### DATA SUPPLIED

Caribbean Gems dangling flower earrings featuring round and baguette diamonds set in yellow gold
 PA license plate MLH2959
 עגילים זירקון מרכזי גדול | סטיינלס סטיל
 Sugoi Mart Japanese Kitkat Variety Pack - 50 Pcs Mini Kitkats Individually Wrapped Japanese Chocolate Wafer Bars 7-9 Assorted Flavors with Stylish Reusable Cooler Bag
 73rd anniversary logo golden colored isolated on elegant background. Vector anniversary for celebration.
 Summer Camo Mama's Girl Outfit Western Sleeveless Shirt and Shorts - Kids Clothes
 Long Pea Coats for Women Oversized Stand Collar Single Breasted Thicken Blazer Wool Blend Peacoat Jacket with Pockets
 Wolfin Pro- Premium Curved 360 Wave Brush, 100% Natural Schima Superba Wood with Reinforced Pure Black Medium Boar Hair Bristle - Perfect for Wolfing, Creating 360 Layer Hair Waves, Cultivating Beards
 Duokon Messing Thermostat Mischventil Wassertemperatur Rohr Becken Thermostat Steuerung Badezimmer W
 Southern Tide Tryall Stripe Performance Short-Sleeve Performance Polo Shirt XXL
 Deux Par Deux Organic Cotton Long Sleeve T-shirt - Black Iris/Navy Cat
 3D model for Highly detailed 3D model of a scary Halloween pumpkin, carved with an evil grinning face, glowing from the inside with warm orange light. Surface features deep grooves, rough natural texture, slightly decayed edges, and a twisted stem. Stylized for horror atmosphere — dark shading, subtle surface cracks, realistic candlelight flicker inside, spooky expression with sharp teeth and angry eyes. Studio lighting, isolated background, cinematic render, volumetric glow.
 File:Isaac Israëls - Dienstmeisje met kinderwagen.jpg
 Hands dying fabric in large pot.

### WHAT IS REQUIRED
Only the lines from the one with "Deux Par Deux" through the final line above belong in the answer, each retyped exactly.

### WRITTEN ANSWER
 Deux Par Deux Organic Cotton Long Sleeve T-shirt - Black Iris/Navy Cat
 3D model for Highly detailed 3D model of a scary Halloween pumpkin, carved with an evil grinning face, glowing from the inside with warm orange light. Surface features deep grooves, rough natural texture, slightly decayed edges, and a twisted stem. Stylized for horror atmosphere — dark shading, subtle surface cracks, realistic candlelight flicker inside, spooky expression with sharp teeth and angry eyes. Studio lighting, isolated background, cinematic render, volumetric glow.
 File:Isaac Israëls - Dienstmeisje met kinderwagen.jpg
 Hands dying fabric in large pot.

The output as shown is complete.